SciLake Technical components

Domain-Specific Machine Translation for SciLake

By Stefania Amodeo

In a recent webinar for SciLake partners, Sokratis Sofianopoulos and Dimitris Roussis from Athena RC presented their cutting-edge Machine Translation system, which will be integrated into the Scientific Lake Service.

The presentation emphasized the significance of gathering domain-specific parallel data to train machine translation systems. It specifically focused on the language pairs of French to English, Spanish to English, and Portuguese to English. Additionally, a demonstration of a few models created so far was showcased during the presentation.

This blog post recaps the key points from the webinar.

Jan 10, 2024

Challanges

Machine translation involves the automated process of translating text or speech from one language to another. The current state of the art utilizes deep learning approaches like sequence-to-sequence models and transformers. However, challenges arise when applying machine translation to specialized domains such as medical or scientific documents due to technical terms.

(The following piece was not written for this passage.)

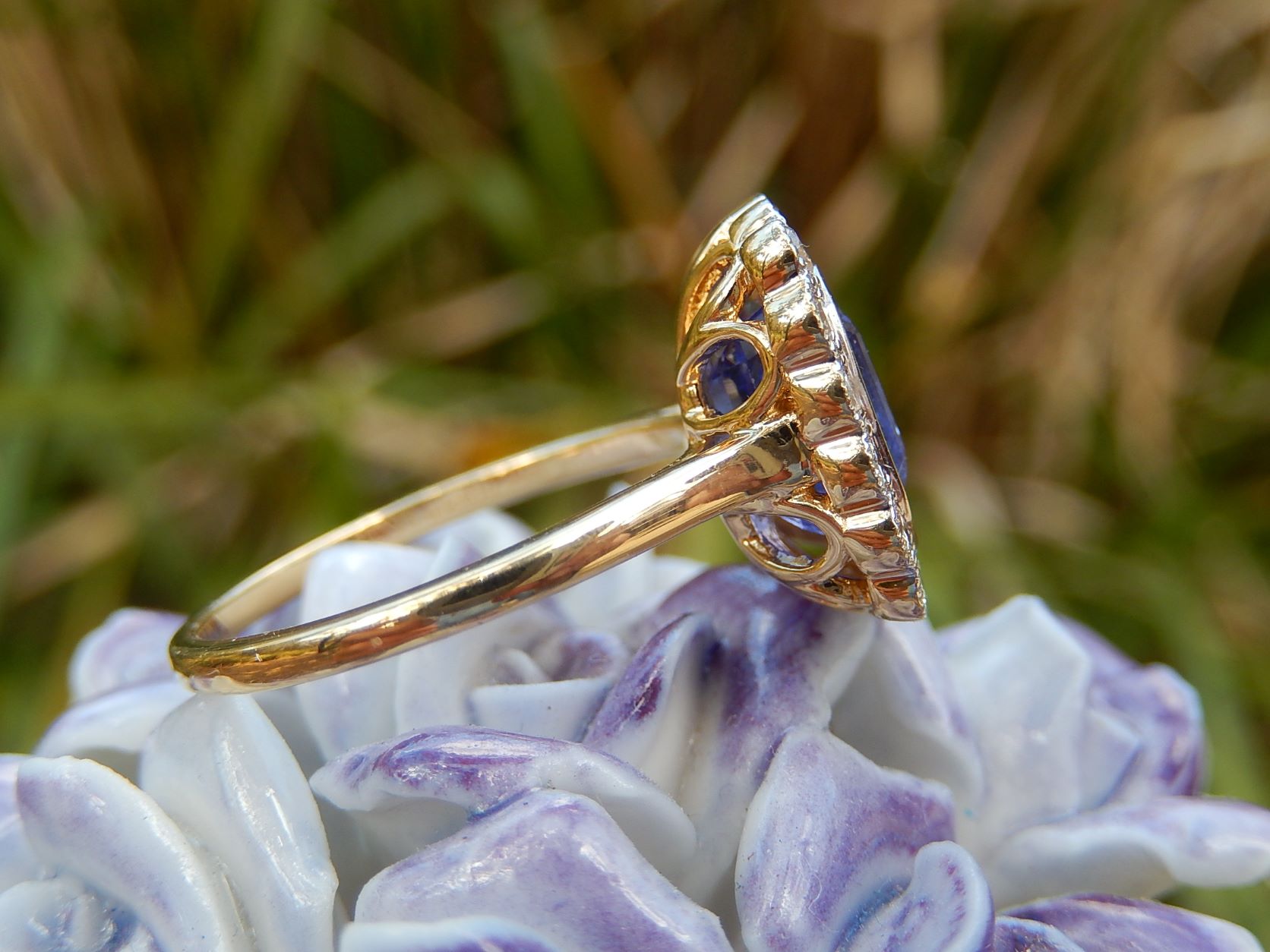 3.93ct Tanzanite and Diamond Ring in 18ct Gold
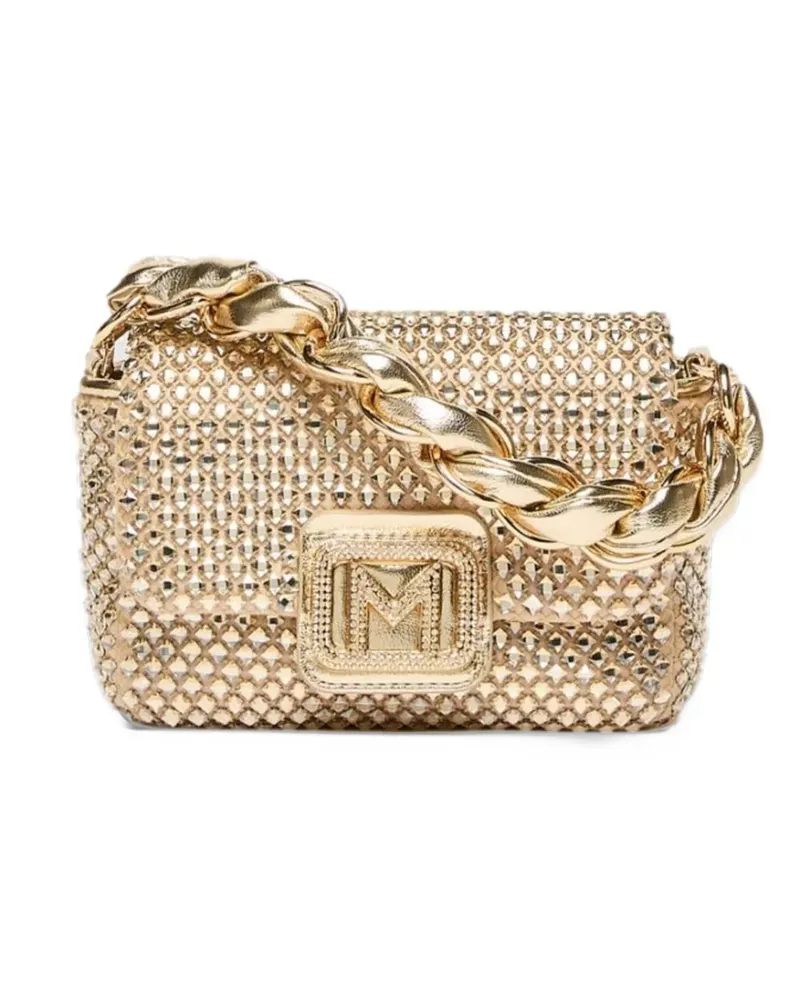 MARELLA small Le Muse crystal-embellished chain-link tote bag - Gold Gold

The solution is to collect in-domain data and use them to fine-tune existing state-of-the-art machine translation models of the general domain for the specific language pair of interest.

Data collection

The team has focused on collecting domain-specific parallel data from the four SciLake pilot domains: Cancer Research, Energy Research, Neuroscience, and Transportation Research. Additionally, they have gathered general-purpose scientific data to ensure comprehensive coverage.

The data collection process involved downloading approximately 9.3 million records from 62 repositories, including theses, dissertations, and various scientific documents. The team meticulously parsed and classified the records, extracting metadata such as authors' names, abstracts, and titles. The result is a vast collection of parallel and monolingual sentences in English, Spanish, French, and Portuguese.

To ensure the quality of the machine translation systems, the team created benchmark test sets for each domain. These sets consist of 1000 parallel sentences, divided into developer and test sets. Additionally, a larger test set of 3000 parallel sentences was created for the general academic domain. These test sets allow for the evaluation of the fine-tuned models.

Translation Models

To enhance the performance of the machine translation models, the team utilized a combination of in-domain data and general academic data. Since in-domain data was limited, the team incorporated as much relevant data as possible to improve the performance of the general-purpose models. For language pairs such as French to English and Spanish to English, the team employed the Big Transformers architecture, which consists of deep learning models with approximately 213 million parameters. For Portuguese to English, a Base Transformers architecture with fewer (65 millions) parameters was used.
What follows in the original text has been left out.